Desiderio, diritto e discriminazione: sono i tre passaggi per mettere a tacere chi non è d'accordo con l'agenda della morale liberal

Sono tre le D da tenere bene a mente: desiderio, diritto e discriminazione. Sono queste le tre parole chiave per capire come funziona, e perché è particolarmente efficace, la propaganda progressista sui diritti. Il meccanismo delle 3 D ha una notevole forza, perché, nel suo sviluppo, definisce un campo di gioco di natura morale in cui il dirittismo riesce spesso ad avere la meglio.

Il desiderio diventa diritto

Vediamone il funzionamento. In primo luogo, una minoranza, tendenzialmente Lgbt, ha un desiderio. Poniamo, ad esempio, la genitorialità. Il desiderio, quale che sia, diventa immediatamente un diritto (del resto puoi essere e fare ciò che vuoi). Nel momento in cui il desiderio diventa diritto, nei confronti di tutti coloro che si oppongono, vuoi per ragioni etiche, vuoi per ragioni culturali, vuoi per ragioni religiose, scatta l’accusa di omofobia. L’accusa di omofobia, che potrebbe essere paragonata a quella di fascismo, mette fuori gioco tutti coloro che hanno sollevato dubbi o perplessità.

Omofobia e discriminazione

Il perché è presto spiegato: l’omofobia si fonda sulla polarizzazione moralizzante discriminati-discriminatori, in cui i primi incarnano ovviamente il Bene e i secondi il Male. Di conseguenza qualsiasi obiezione mossa a chi reclama il diritto alla genitorialità (discriminato) diventa una discriminazione e pertanto deve essere estromessa dal dibattito. È interessante notare che questa impostazione del discorso è particolarmente vantaggiosa per chi chiede diritti, perché sfrutta uno strumento di natura morale (la discriminazione) per affrontare obiezioni anche sul merito della questione.

L’accusa di omofobia, nel nostro caso, elimina in un solo colpo anche la questione dell’utero in affitto, che potrebbe essere legittimamente posta perché le coppie omosessuali potrebbero servirsi di questa pratica anziché adottare un figlio. La dignità della donna che si presterebbe a una maternità surrogata, la sua condizione, i suoi diritti e i diritti del figlio vengono così ignorati, silenziati dall’accusa di discriminazione.

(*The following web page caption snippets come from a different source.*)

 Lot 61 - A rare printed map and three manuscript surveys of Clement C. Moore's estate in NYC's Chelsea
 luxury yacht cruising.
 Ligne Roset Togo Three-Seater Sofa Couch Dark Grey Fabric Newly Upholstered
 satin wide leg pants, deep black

Il caso del pesista Laurel

La natura binaria su cui si fonda il meccanismo della discriminazione definisce quindi il campo di gioco e avvantaggia notevolmente il presunto discriminato. Vediamo un altro esempio. Gli atleti transgender (soprattutto uomini che diventano donne) che richiedono di partecipare alle gare sportive dopo il cambio di sesso. Emblematico, in questo senso, il caso della sollevatrice di pesi Laurel Hubbard, un tempo Gavin. Il desiderio, oltre a quello di cambiare sesso, è di competere con atlete dello stesso sesso; il diritto, cambiato sesso, è partecipare alle olimpiadi. La discriminazione da attivare per mettere a tacere chi solleva obiezioni è la transfobia. E anche in questo caso con l’introduzione della transfobia il campo di gioco si trasforma.

Mettere a tacere

La questione non riguarda più le distorsioni che potrebbero avvenire in campo sportivo: una donna che era un uomo e che ha una potenza fisica non paragonabile a quella di una donna; ma diventa la transfobia, la discriminazione che deve essere eliminata. Il risultato è identico a quello del caso precedente. I dirittisti vincono a mani basse e chi obietta qualcosa viene estromesso dal dibattito, in quanto discriminatore.

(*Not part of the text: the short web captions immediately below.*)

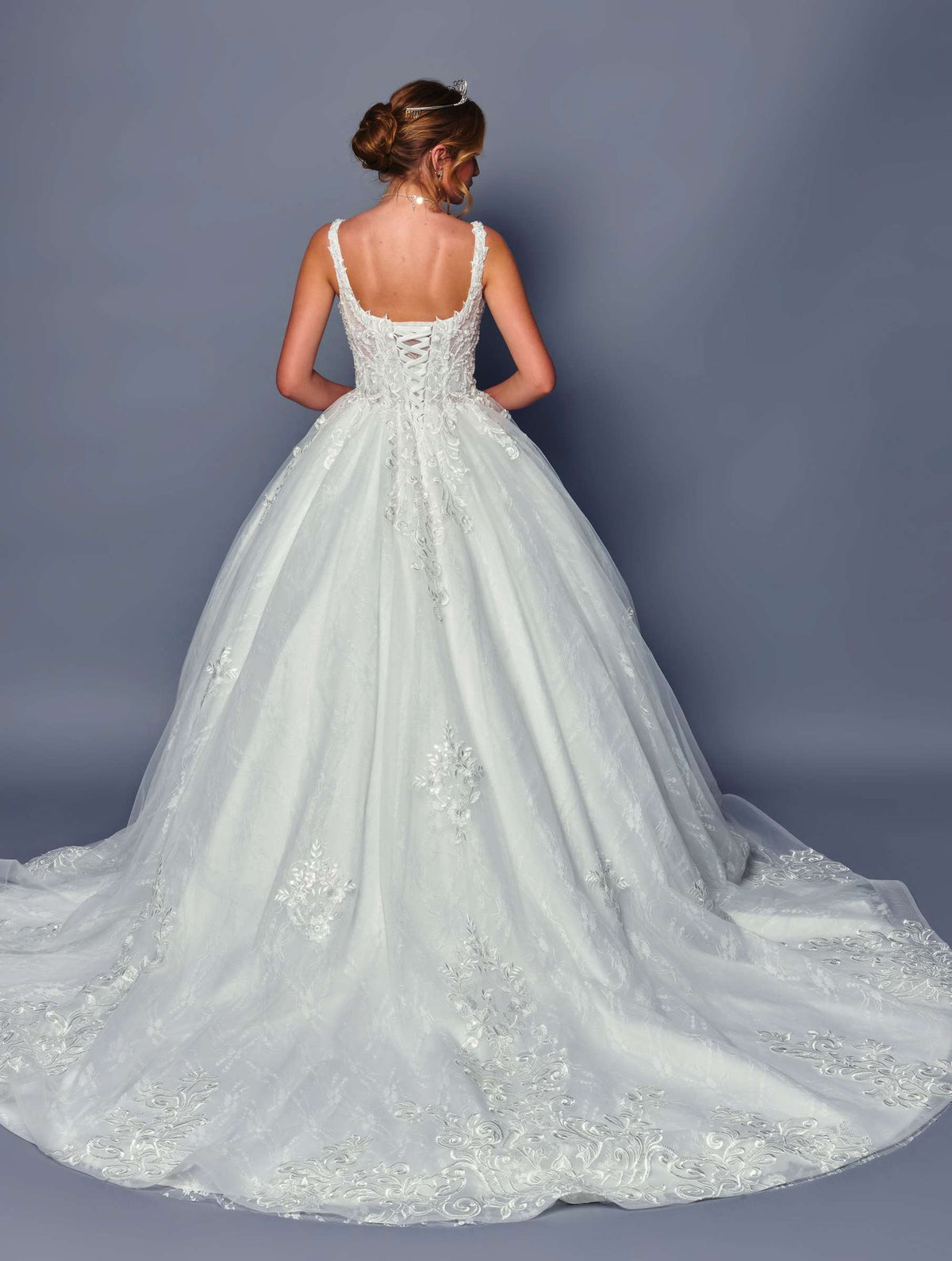 DeKlaire Bridal 489 Wedding Dress V-Neck A-Line Ball Gown - Fierce and Chic
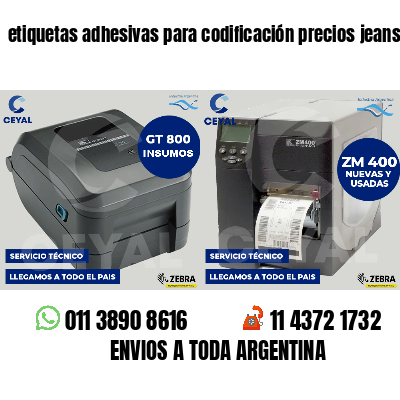etiquetas adhesivas para codificación precios jeans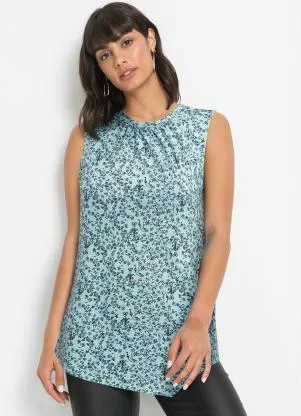bonprix - Blusa Assimétrica Regata Floral Azul - BONPRIX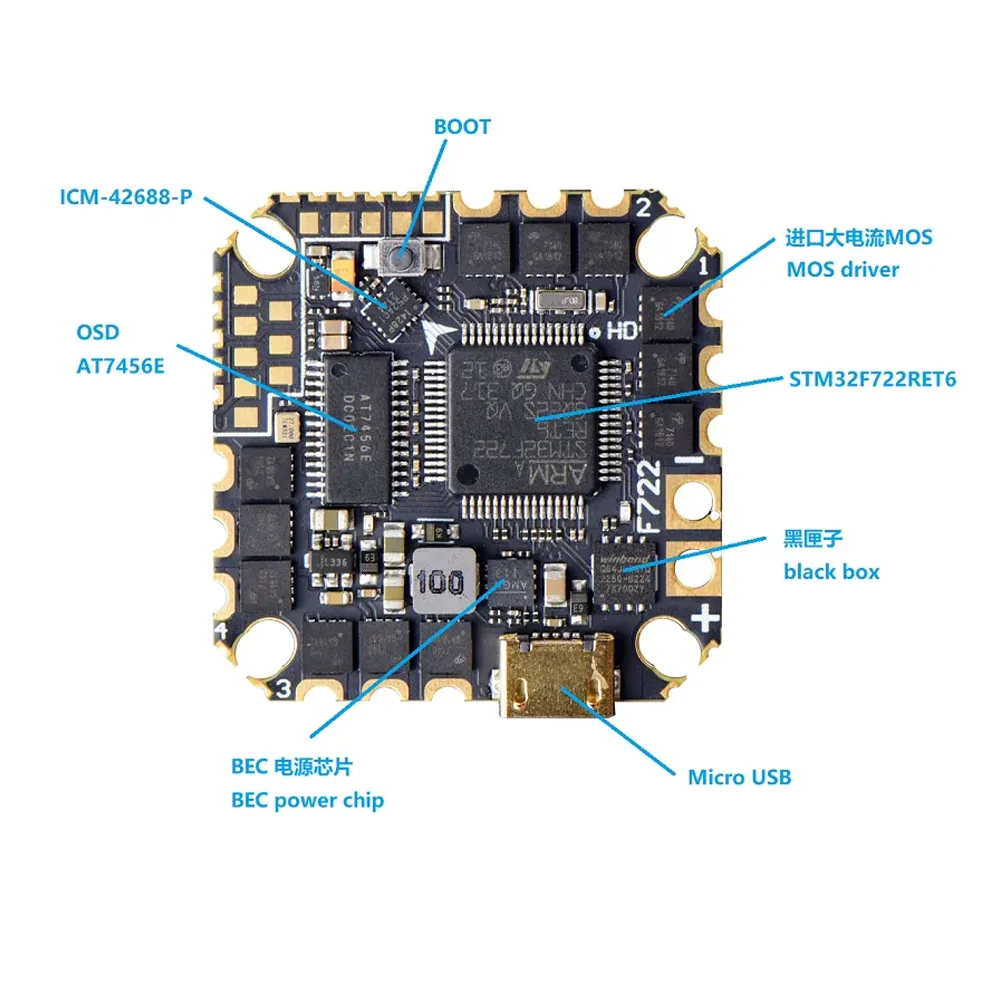 JHEMCU GHF722AIO-HD 40A AIO Flight Control ESC All-in-One 2-6S Für FPV – Bild 3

Come si può intuire, il meccanismo delle 3 D è tanto semplice quanto efficace. Grazie alla polarizzazione moralizzante discriminato-discriminatore che innesca, riesce facilmente a mettere a tacere chi solleva dubbi. E così, ogni desiderio diventa magicamente un diritto, tagliando fuori qualsiasi forma di opposizione anche se legittima e argomentata.